Una giornata dedicata all’impatto dei corpi sugli schermi quella della Mostra Internazionale del Cinema di Venezia. Corpi che si uniscono, corpi che che si odiano, corpi che si scoprono, corpi che si proteggono. Se in “Still life” di Uberto Pasolini, in concorso per la sezione Orizzonti, il protagonista John May (Marsan) dedica la propria vita al corpo di persone defunte ma sprovviste di sepoltura e di parenti che se ne interessino, dando, così, un approccio etico all’interpretazione, in “Ana Arabia” di Amos Gitai, in competizione per Venezia 70, sono i frammenti di memorie di corpi a regnare sovrani. Il film, ispirato a storie vere, auspica il ripristino di un dialogo difficile tra specie umane in via d’estinzione in una zona di confine tutta Mediorientale. Mentre in “Via Castellana Bandiera” della Dante il confronto tra culture genera un abisso inespugnabile qui confluisce, invece, in una coesistenza pacifica.
Ancora corpi in primo piano in “Moebius”, il film, fuori concorso, del maestro Kim Ki-duk che, scontratosi con la rigida censura coreana, trova invece un forte interesse, sia emotivo che sociale, nella stampa italiana. Il regista parte dai concetti sul sesso esistenti in Corea e li sviluppa portandoli alle conseguenze più estreme senza mai fare riferimento alle parole bensì all’uso e all’evoluzione del corpo in una tragica vicenda familiare.
Grande successo per il ribelle Capitan Harlock e il suo fidato equipaggio che, nel reboot del manga originale di Leiji Matsumoto, girato da Shinji Aramaki e intitolato “Harlock: Space Pirate”, trova l’incarnazione dei sogni di un uomo in lotta contro la deufradazione dei valori sui quali si fonda l’intera umanità. Del tutto astratto da ogni tipologia di etichettatura è “Under the skin”, il film di Jonathan Glazer che ha per protagonista una rinnovata Scarlett Johansson la quale, nei panni di un’aliena dalle fattezze umane, scopre il pianeta terra senza preconcetti. Una pellicola sui generis, a tratti destabilizzante che, a fatica, riesce a trovare una collocazione stabile.

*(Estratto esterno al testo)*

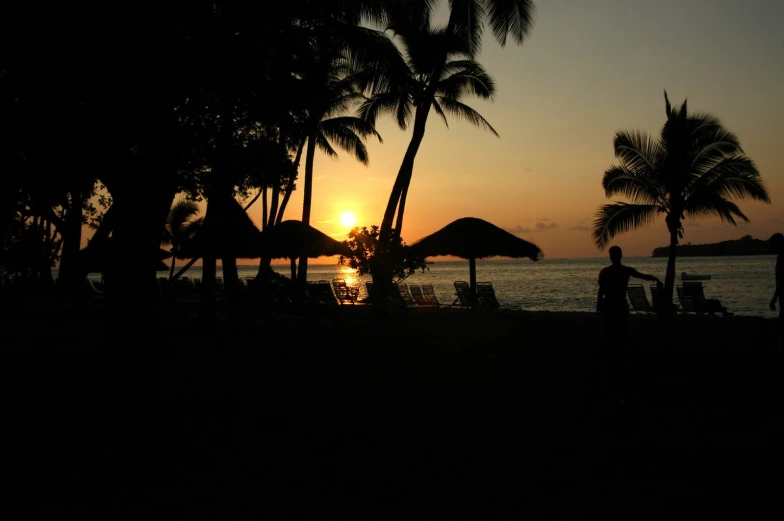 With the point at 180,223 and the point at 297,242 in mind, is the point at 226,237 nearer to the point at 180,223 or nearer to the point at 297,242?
the point at 297,242

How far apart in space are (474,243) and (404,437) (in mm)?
15534

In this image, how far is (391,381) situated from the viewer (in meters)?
8.32

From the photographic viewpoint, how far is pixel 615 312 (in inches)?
288

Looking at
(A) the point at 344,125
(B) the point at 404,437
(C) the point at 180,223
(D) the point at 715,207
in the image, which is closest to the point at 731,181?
(D) the point at 715,207

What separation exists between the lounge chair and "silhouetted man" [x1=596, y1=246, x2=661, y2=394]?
43.7ft

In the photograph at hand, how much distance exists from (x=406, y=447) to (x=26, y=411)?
3699mm

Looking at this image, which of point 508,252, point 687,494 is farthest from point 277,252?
point 687,494

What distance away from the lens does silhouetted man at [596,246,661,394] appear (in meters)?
7.28

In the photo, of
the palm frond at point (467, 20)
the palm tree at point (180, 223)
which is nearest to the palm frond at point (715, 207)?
the palm frond at point (467, 20)

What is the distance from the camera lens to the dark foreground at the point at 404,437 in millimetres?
4109

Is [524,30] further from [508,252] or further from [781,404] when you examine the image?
[781,404]

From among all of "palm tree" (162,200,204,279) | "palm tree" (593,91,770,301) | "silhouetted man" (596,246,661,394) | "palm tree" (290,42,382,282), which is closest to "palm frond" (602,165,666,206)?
"palm tree" (593,91,770,301)

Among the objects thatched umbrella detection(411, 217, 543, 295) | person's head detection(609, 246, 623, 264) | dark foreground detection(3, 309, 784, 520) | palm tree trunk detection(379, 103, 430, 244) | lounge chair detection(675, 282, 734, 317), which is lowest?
dark foreground detection(3, 309, 784, 520)

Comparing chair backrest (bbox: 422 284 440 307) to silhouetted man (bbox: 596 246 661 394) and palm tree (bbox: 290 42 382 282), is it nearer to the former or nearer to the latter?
palm tree (bbox: 290 42 382 282) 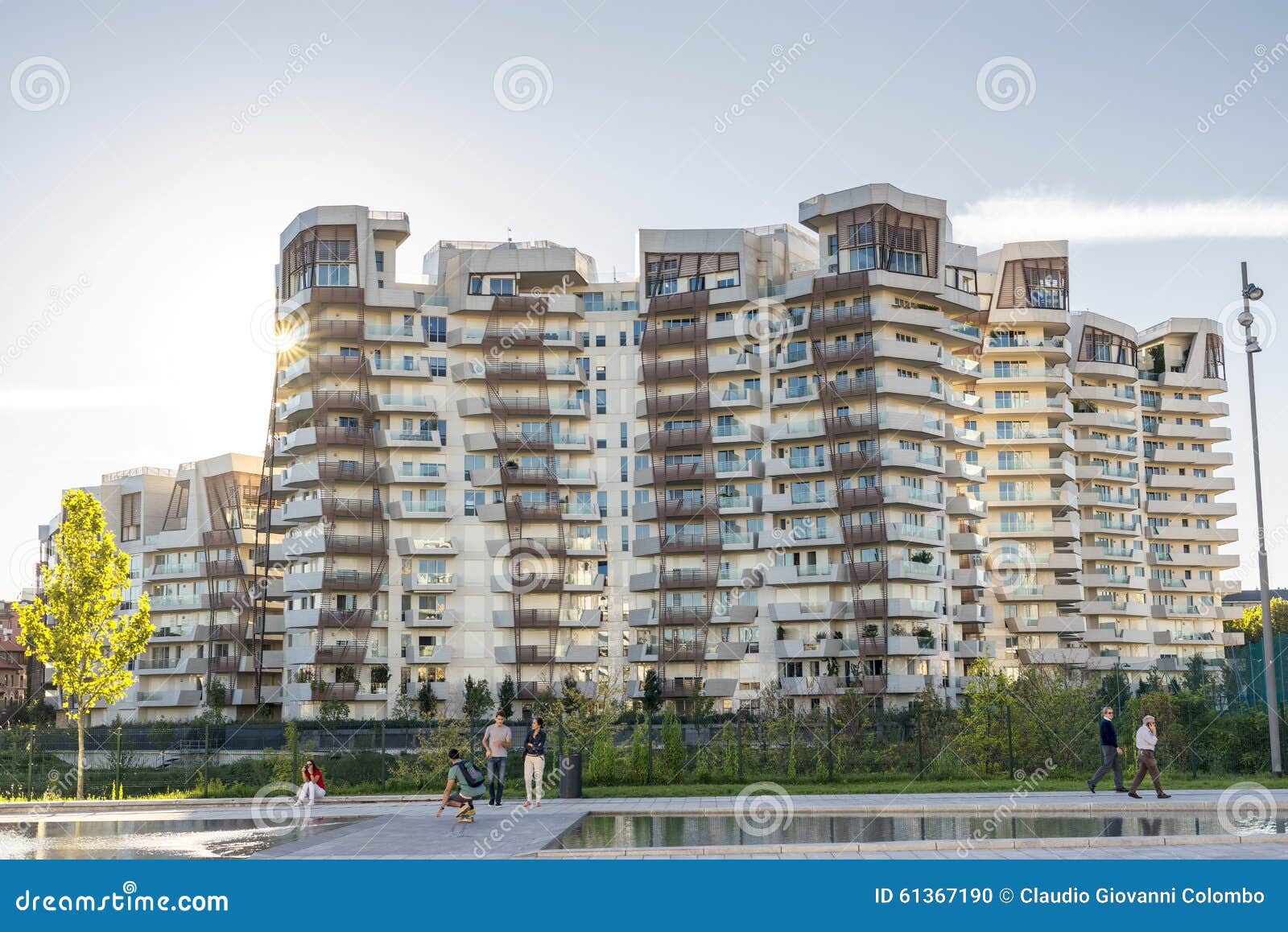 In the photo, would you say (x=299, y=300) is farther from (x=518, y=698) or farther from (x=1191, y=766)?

Ancora un approccio corporeo, anzi carnale, allo schermo per “Ruin” l’opera di Michael Cody e Amiel Courtin-Wilson, sezione Orizzonti, girata interamente in Cambogia: il vulnerabile sentimento d’amore dei due protagonisti trova, infatti, un rifugio nei loro tessuti organici che faticano ad adattarsi ai pericoli di un mondo ormai amorfo.